CN109734766B - Preparation method of prednisolone sodium phosphate intermediate - Google Patents

Abstract

A preparation method of a prednisolone sodium phosphate intermediate is characterized in that the prednisolone sodium phosphate intermediate is prednisolone phosphate shown in formula II, prednisolone is adopted as a raw material to react with pyrophosphoryl chloride, and the reaction steps are as follows: A. under the protection of nitrogen, adding a compound I into an organic solvent MTHP, stirring and dissolving, slowly dropwise adding pyrophosphoryl chloride at-50 to-60 ℃, and carrying out heat preservation reaction; B. after the reaction is finished, adding purified water to stop the reaction, standing and layering; wherein, the standing and layering time is 2-4 h; C. adding purified water into the organic phase for extraction twice, then adding activated carbon into the organic phase, and carrying out heat preservation and decoloration; wherein the heat preservation temperature is 30-50 ℃, and the decoloring time is 1-2 h; D. filtering, concentrating under reduced pressure, cooling, discharging, and vacuum drying to obtain compound II. The preparation method is economical and environment-friendly.

Description

Preparation method of prednisolone sodium phosphate intermediate

Technical Field

The invention relates to a preparation method of a drug intermediate, in particular to a preparation method of a prednisolone sodium phosphate intermediate prednisolone phosphate, and belongs to the field of pharmaceutical chemistry.

Background

Prednisolone Sodium Phosphate (Prednisonone Sodium Phosphate) with the chemical name of 11 beta, 17-dihydroxy-3, 20-diketone pregna-1, 4-diene-21-disodium Phosphate is one of glucocorticoid medicaments, is mainly used for anti-inflammation, anti-allergy and anti-shock, and is currently accepted by China, United states, European pharmacopoeia and the like.

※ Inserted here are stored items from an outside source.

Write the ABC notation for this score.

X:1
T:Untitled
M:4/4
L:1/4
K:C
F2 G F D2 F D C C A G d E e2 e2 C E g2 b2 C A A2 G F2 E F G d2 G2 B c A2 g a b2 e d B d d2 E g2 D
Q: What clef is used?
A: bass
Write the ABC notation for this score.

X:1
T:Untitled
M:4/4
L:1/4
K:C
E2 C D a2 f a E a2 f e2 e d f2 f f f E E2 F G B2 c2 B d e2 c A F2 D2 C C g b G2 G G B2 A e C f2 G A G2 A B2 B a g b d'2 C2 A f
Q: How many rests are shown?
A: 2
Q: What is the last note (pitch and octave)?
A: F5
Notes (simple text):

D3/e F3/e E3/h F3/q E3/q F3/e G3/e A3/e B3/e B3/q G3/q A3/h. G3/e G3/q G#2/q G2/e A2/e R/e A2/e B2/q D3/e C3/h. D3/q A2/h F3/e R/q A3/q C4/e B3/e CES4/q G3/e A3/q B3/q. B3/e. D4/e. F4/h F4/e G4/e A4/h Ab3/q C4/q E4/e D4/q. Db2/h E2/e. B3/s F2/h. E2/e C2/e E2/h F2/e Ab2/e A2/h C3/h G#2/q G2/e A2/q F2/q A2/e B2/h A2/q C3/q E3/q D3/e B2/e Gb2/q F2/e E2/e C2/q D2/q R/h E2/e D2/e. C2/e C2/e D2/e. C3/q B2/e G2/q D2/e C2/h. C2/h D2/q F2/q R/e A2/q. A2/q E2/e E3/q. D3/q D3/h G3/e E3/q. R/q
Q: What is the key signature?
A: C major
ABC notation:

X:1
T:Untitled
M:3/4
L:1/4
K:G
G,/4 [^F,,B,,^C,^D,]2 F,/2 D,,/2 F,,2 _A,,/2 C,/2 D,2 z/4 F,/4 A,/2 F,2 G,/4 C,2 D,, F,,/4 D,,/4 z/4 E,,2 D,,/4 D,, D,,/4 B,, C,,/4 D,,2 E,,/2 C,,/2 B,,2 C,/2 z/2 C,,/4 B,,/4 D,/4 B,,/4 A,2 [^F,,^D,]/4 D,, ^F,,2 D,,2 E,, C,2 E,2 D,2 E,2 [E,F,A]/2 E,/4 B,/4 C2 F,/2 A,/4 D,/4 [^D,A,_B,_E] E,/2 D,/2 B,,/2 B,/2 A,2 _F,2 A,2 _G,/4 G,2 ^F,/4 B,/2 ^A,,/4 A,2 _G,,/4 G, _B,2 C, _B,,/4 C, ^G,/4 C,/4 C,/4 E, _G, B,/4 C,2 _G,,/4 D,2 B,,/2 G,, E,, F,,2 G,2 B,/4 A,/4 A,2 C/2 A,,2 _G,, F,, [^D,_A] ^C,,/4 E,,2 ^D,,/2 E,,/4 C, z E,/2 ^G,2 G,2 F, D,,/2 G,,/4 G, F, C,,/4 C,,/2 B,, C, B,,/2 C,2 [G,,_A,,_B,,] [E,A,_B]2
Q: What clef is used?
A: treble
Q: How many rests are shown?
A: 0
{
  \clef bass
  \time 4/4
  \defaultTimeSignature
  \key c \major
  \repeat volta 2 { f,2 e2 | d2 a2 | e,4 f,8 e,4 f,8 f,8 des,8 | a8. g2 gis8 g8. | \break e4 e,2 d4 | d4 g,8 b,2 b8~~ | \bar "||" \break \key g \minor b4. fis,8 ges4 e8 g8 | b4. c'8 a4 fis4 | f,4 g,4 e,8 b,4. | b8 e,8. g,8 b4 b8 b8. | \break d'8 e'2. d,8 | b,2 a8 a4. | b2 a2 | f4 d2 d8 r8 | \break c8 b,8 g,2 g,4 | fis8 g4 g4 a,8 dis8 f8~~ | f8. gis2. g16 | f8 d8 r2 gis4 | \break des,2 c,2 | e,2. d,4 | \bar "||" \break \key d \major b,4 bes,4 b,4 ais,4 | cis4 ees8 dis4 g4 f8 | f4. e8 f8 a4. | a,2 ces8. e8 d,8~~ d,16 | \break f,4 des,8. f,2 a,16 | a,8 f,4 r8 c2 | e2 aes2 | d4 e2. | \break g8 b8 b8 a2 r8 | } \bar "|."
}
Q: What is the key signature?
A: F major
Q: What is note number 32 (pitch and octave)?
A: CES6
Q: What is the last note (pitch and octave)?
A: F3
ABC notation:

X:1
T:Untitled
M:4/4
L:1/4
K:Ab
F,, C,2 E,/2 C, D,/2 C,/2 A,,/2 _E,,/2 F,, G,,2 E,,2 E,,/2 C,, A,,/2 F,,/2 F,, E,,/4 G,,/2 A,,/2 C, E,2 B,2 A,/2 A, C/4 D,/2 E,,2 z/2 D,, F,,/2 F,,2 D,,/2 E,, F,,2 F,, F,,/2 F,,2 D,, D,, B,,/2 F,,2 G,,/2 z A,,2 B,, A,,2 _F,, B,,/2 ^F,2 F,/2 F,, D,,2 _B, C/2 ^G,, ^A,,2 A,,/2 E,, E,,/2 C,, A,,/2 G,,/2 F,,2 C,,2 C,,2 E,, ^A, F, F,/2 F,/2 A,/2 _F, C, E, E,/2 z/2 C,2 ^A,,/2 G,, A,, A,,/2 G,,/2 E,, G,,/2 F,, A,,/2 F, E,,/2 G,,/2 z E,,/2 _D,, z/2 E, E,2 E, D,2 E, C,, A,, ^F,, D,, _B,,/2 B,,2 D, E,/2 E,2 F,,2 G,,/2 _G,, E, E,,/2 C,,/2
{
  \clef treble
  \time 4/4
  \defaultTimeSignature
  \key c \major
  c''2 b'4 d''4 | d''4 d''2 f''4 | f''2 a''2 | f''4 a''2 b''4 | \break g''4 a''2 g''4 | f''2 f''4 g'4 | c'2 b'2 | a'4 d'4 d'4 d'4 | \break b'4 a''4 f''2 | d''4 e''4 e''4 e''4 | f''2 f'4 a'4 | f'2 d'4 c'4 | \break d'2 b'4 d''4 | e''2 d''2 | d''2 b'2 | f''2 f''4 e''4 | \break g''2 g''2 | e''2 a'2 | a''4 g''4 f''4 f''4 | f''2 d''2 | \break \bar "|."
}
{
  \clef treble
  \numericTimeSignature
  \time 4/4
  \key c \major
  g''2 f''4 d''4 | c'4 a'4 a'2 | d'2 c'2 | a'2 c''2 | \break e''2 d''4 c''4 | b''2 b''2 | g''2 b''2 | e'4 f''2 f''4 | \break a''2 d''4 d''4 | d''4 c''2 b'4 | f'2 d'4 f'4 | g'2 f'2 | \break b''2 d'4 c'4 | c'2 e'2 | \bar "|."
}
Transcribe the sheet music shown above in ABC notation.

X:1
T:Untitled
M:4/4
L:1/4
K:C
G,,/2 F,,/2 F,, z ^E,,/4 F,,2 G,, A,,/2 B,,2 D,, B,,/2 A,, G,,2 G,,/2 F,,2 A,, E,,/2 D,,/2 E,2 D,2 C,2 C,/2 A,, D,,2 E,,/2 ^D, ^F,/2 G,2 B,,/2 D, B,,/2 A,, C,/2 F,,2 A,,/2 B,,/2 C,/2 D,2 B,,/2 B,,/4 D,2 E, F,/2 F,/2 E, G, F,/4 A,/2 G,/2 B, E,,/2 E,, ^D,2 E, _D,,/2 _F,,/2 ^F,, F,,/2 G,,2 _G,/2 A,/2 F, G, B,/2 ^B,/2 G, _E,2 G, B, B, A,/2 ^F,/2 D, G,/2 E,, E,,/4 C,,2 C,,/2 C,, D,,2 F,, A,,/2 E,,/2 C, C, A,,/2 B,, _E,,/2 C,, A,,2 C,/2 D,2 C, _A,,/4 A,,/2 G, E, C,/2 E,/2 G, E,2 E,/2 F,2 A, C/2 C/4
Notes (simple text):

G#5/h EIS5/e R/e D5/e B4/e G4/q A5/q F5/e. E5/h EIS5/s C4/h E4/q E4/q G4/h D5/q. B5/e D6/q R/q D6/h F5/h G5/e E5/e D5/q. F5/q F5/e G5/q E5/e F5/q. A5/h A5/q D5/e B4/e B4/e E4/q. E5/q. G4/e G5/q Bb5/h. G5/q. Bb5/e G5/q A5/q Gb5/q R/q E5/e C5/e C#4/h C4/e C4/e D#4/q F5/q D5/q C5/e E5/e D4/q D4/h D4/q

The traditional preparation method of prednisolone sodium phosphate is carried out by taking the process of prednisolone sodium phosphate in the national pharmaceutical product technology assembly (national institute of medicine and drug administration, nineteen and eighty percent) as reference, and is specifically obtained by mesylation, iodination, replacement and salt formation, wherein in the preparation of prednisolone phosphate, the reaction steps are complicated, the side reactions are more, and virulent reagents of methanesulfonyl chloride, high ammonia nitrogen reagents of pyridine, piperazine acetate and the like are used, so that a large amount of wastewater is generated, and the environmental pollution is serious. Chinese patents CN201510758961.3, CN201410133362.8, and CN200710061255.9 relate to the synthesis of dexamethasone sodium phosphate analog, wherein the ester formation reaction is performed by Tetrahydrofuran (THF)/pyrophosphate chloride system, which is a great improvement over the foregoing processes, but still have many problems, including complex post-treatment, recycling of organic solvent THF, destruction of acid multi-product produced during the reaction, which results in many side reactions and high impurity content, and the like, and are not in accordance with the concept of energy saving, environmental protection, and green development, and are not in favor of the improvement of quality of raw material medicine.

Disclosure of Invention

The invention aims to overcome the problems of the prior prednisolone phosphate and provide a preparation method of prednisolone phosphate as an intermediate of prednisolone sodium phosphate.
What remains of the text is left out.